== Task data ==
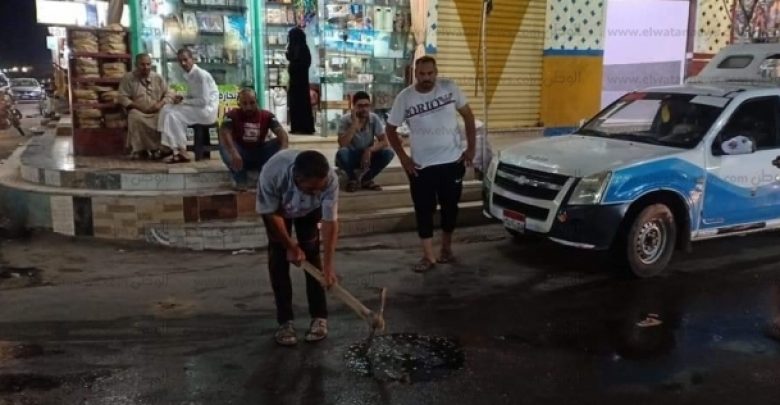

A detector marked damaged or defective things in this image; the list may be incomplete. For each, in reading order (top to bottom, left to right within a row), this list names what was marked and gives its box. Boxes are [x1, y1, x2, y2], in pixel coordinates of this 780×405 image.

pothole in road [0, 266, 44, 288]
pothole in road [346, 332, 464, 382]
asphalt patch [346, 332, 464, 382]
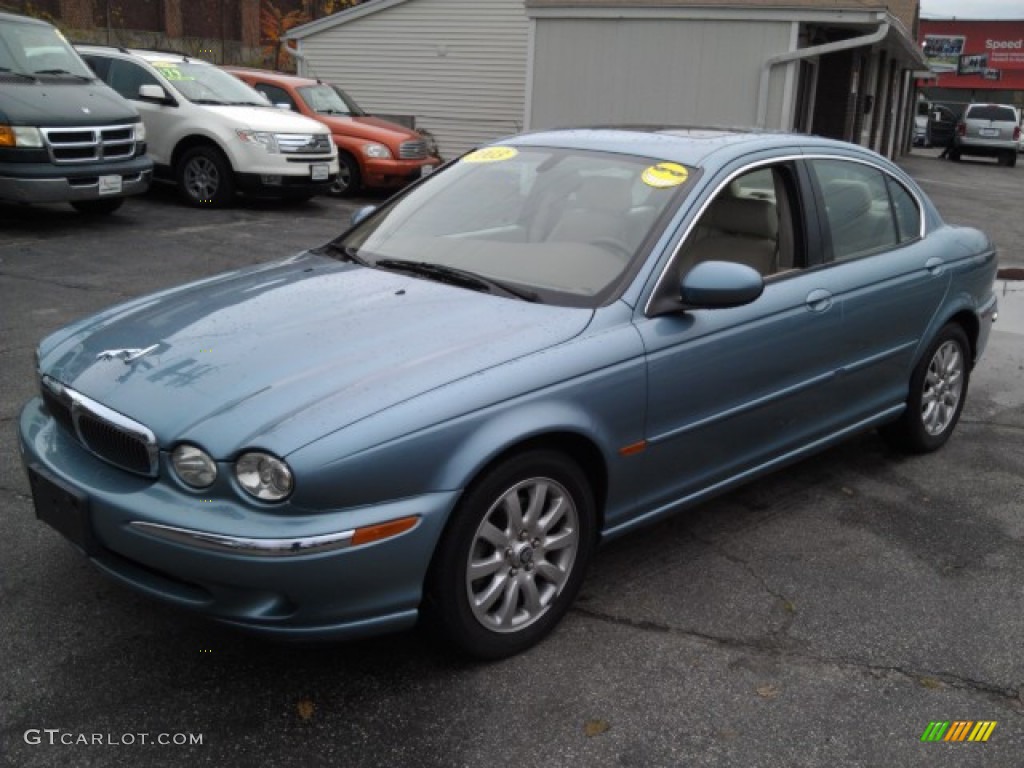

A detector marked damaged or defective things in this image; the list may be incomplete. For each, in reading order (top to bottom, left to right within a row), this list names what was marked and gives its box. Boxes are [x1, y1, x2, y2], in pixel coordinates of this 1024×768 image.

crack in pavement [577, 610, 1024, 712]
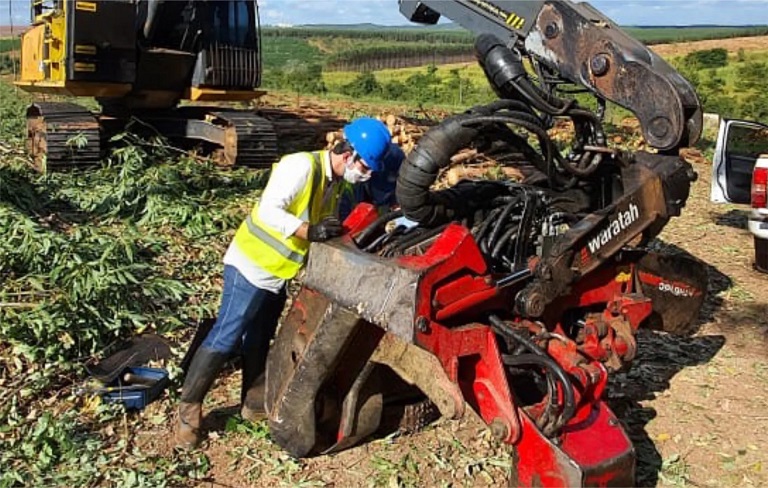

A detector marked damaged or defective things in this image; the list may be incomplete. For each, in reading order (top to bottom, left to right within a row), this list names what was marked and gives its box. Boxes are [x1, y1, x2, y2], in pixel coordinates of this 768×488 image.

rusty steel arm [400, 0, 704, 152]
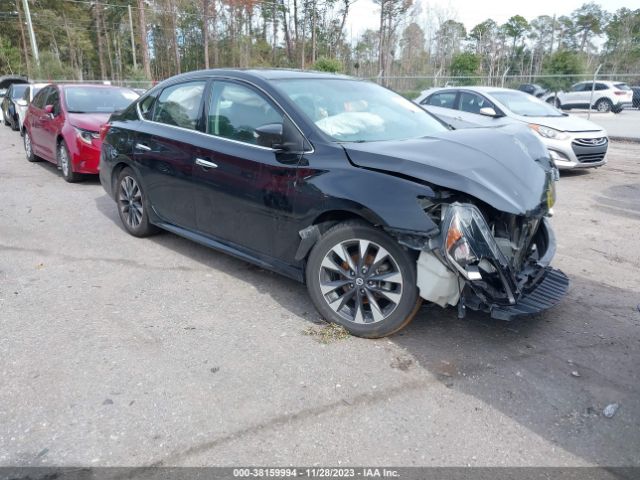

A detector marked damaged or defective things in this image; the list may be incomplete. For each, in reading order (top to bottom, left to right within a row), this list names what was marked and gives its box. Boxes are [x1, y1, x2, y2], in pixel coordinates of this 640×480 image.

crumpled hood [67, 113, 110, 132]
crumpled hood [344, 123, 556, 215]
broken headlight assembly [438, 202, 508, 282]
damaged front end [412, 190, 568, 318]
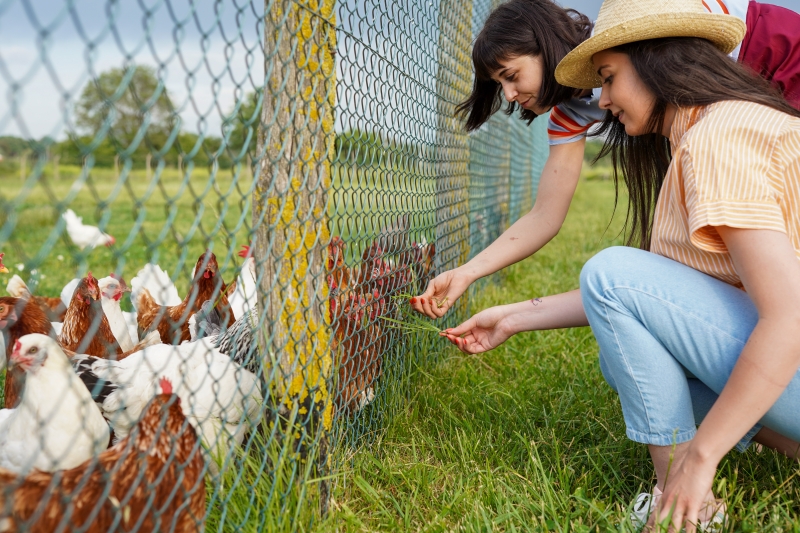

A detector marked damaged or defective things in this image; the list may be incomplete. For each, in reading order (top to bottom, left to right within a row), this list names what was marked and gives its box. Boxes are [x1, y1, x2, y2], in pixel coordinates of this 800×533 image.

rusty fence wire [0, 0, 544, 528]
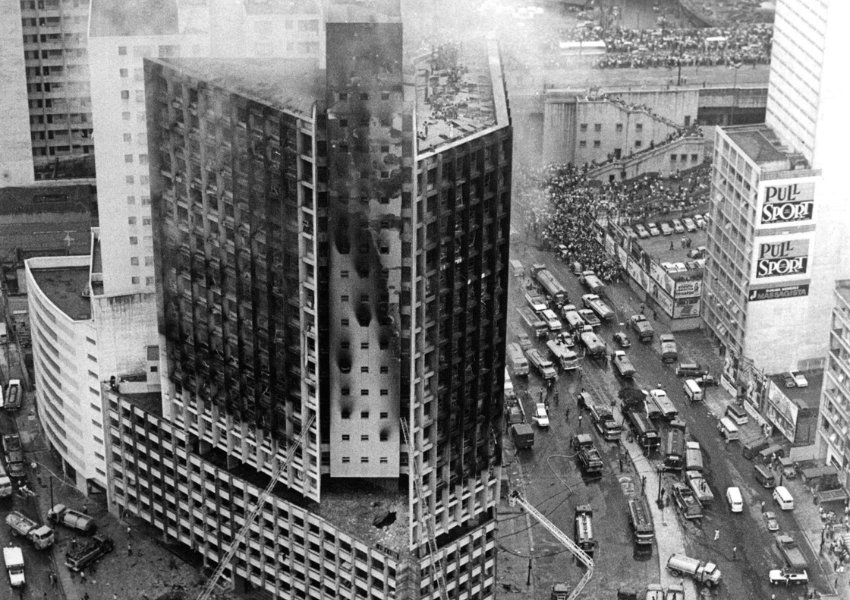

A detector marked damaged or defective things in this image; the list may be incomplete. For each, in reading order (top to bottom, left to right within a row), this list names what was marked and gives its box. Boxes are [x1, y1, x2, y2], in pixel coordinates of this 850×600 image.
===
» **Task**
Each record should appear again exactly as it stands, with no picture included.

» **Written response**
A detector marked damaged or defective things in this image; the list may be incomplete. For each, in reading order (top to bottom, left to right within a row), this list names what was marked and gives its box. Boxes are [x1, y1, x2, y2], in pixel coordinates of this 780×405 image.

pothole in road [0, 266, 44, 288]
pothole in road [346, 332, 464, 382]
asphalt patch [346, 332, 464, 382]

A detector marked damaged or defective things in this image; the list may be incomplete. For each, in reading order (top to bottom, left to right within a row), this list names what was marked and gives its box. Boxes are [x1, y1, x2, y2], in pixel coordinates of this 1024×768 image.

crack in pavement [577, 610, 1024, 712]

A detector marked damaged or defective things in this image; the list may be incomplete. For each, in reading order (top to bottom, left to right within a row), this list names what was marked and gives its box. Boxes are [x1, y1, x2, y2], in pixel coordinates of this 768×488 image.

rusty steel arm [400, 0, 704, 152]

A detector marked damaged or defective things in this image; the list may be incomplete. For each, in reading order (top to bottom, left to right within a row), this list names what was marked and gives its box. Boxes are [x1, y1, x2, y2], in pixel coordinates of this 640×480 image.

crumpled hood [67, 113, 110, 132]
crumpled hood [344, 123, 556, 215]
broken headlight assembly [438, 202, 508, 282]
damaged front end [412, 190, 568, 318]

A detector marked damaged or defective things in this image; the list may be incomplete. For each, in reading order (top to bottom, left to right within a row), this list names what was marked and gives its box. Boxes are [x1, y1, x2, y2], in pixel coordinates of this 800×533 image.

rusty fence wire [0, 0, 544, 528]

A detector marked damaged or defective things in this image; the list may be incomplete. For each, in reading order (top to bottom, left to right within a row), this list names what was marked and gives its box. Boxes are [x1, y1, x2, y2], in pixel coordinates of this 850×600 image.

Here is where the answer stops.